Gene designed and supervised the construction of a spectacular retirement home in rural Mifflinburg, and married Genelle Sweetser in 2004. Soon, they moved and gave new life to a beloved cabin on Penn’s Creek. Gene became a course leader for the Bucknell Institute for Lifelong Learning (BILL) and found pride and joy in his grandchildren. He also nurtured deep and enduring relationships with a number of pets, especially Woody, Sheba, and Darwin, whom he treated as family. In 2017, Gene moved to Heritage Springs in Lewisburg, where he reconnected with his earlier scholarship and advocated for the importance of good, wholesome food in the treatment of Alzheimer’s and dementia. Gene passed away peacefully in the company of family on his 87th birthday.
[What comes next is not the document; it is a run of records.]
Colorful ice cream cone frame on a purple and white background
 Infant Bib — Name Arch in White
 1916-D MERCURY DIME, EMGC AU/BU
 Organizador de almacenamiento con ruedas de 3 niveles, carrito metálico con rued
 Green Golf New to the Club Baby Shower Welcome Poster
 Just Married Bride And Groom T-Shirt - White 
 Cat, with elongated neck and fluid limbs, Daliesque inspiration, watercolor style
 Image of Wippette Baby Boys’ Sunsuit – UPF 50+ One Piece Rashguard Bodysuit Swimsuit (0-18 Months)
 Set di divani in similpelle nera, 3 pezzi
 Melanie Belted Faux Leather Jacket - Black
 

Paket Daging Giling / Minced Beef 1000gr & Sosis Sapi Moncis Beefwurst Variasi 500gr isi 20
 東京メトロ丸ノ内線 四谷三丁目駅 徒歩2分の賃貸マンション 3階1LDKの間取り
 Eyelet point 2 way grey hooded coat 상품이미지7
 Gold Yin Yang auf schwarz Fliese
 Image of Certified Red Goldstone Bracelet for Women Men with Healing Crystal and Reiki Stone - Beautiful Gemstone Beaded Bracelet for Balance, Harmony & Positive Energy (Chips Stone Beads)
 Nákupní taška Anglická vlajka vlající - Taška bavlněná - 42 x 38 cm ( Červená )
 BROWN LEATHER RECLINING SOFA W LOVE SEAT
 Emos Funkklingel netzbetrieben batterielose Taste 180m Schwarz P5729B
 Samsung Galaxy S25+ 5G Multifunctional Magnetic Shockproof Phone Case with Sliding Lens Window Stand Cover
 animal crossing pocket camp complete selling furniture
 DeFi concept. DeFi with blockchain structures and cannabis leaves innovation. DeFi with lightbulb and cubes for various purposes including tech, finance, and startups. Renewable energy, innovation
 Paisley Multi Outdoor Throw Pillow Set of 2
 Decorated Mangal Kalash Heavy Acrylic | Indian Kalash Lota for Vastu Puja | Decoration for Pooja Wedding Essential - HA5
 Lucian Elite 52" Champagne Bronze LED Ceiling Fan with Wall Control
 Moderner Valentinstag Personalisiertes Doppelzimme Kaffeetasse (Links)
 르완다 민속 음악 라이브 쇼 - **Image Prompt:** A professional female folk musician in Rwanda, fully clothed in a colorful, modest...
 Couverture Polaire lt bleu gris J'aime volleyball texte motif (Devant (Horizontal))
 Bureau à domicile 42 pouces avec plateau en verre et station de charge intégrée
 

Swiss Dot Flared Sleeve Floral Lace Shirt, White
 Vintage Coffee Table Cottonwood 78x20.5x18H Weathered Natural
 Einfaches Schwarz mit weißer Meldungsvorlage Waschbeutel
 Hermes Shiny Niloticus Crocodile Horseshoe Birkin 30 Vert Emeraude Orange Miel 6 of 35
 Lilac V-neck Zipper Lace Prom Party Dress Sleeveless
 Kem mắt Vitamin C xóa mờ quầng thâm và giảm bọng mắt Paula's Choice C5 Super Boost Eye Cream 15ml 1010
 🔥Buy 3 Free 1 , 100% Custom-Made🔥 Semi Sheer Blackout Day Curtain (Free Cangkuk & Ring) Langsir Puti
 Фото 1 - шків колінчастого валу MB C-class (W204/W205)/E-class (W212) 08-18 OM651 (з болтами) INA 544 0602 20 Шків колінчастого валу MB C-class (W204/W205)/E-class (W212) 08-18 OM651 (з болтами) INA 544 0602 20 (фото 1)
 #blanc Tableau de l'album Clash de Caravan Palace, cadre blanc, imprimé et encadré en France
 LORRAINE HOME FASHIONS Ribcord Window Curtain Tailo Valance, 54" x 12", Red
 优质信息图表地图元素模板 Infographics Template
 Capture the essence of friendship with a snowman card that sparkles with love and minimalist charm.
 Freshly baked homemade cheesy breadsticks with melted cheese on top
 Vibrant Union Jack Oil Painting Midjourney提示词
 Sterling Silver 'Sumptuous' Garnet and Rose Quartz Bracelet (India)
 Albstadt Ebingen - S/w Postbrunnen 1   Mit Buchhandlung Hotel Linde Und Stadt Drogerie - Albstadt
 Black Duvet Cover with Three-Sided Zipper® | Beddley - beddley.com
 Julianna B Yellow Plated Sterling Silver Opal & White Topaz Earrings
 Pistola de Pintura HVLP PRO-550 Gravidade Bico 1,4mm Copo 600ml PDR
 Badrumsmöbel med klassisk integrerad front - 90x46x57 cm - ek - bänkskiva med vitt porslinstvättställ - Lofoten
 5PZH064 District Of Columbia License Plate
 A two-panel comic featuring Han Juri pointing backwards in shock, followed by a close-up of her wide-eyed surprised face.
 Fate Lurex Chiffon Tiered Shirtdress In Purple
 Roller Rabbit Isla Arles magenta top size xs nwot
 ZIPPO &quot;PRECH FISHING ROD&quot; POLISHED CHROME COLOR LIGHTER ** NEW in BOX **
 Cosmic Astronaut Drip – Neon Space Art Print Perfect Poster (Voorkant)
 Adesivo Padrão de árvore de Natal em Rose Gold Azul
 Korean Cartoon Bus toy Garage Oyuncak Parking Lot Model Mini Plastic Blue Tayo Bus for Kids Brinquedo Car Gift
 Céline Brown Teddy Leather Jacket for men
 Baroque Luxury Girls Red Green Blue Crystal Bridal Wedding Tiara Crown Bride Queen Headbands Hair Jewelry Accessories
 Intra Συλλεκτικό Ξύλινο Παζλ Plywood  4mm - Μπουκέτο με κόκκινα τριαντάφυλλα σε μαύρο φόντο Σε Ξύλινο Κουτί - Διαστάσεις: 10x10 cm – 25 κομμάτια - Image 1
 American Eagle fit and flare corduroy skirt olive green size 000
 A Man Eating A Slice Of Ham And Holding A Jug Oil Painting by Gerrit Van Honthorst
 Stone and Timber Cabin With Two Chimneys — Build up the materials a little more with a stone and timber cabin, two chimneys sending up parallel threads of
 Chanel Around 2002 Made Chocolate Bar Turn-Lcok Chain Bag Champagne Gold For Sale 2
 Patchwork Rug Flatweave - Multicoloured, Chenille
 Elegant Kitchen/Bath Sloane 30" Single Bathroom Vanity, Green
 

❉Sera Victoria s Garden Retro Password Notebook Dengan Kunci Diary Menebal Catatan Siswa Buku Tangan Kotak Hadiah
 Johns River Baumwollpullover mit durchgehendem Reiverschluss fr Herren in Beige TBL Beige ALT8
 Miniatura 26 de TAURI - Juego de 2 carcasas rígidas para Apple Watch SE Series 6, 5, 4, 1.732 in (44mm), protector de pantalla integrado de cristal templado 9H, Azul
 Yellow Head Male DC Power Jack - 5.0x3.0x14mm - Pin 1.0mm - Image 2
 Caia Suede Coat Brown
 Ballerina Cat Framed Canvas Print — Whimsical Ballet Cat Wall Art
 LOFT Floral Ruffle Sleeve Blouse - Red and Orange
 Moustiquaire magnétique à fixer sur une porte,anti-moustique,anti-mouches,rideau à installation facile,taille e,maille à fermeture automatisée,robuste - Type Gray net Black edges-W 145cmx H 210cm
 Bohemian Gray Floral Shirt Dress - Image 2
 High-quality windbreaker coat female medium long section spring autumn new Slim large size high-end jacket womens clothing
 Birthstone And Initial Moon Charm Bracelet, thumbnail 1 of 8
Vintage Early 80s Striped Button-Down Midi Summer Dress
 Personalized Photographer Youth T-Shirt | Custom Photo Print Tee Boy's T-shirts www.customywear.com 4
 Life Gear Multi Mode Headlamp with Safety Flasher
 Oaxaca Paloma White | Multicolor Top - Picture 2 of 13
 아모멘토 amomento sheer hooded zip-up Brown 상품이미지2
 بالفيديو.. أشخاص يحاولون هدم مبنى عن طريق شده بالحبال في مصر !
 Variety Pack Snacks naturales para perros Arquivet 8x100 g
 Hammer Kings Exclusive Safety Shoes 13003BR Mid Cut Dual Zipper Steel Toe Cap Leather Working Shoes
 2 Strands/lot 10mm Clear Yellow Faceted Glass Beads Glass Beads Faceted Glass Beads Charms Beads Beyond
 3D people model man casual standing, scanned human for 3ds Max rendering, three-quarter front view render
Gene is survived by a sister, Phyllis (Grady) of Dayton, Ohio; his first wife, Mary (Stratton) of Lexington, VA; his second wife, Lavonne (Poteet) of Lewisburg; his third wife, Genelle (Sweetser) of Mifflinburg; four children: Christopher (Anne Mather Chenoweth), of El Cerrito, CA; Jonathan (Kathleen Sihler), of Cedar Falls, IA; Amy (Robert Lexa), of Crozet, VA; and Nathaniel (Alexa McMahon Poteet), of Washington, D.C.; and eight grandchildren: Catherine, Daniel, Tilden, Claire, Bevin, Kellen, Calvin, Zara. He also lives on in the contribution of his mortal body to the cause of medical education.
A celebration of Gene’s life will be held at 11 a.m. Sunday, Aug. 11, at 2295 Wildwood Road, Mifflinburg. All are welcome.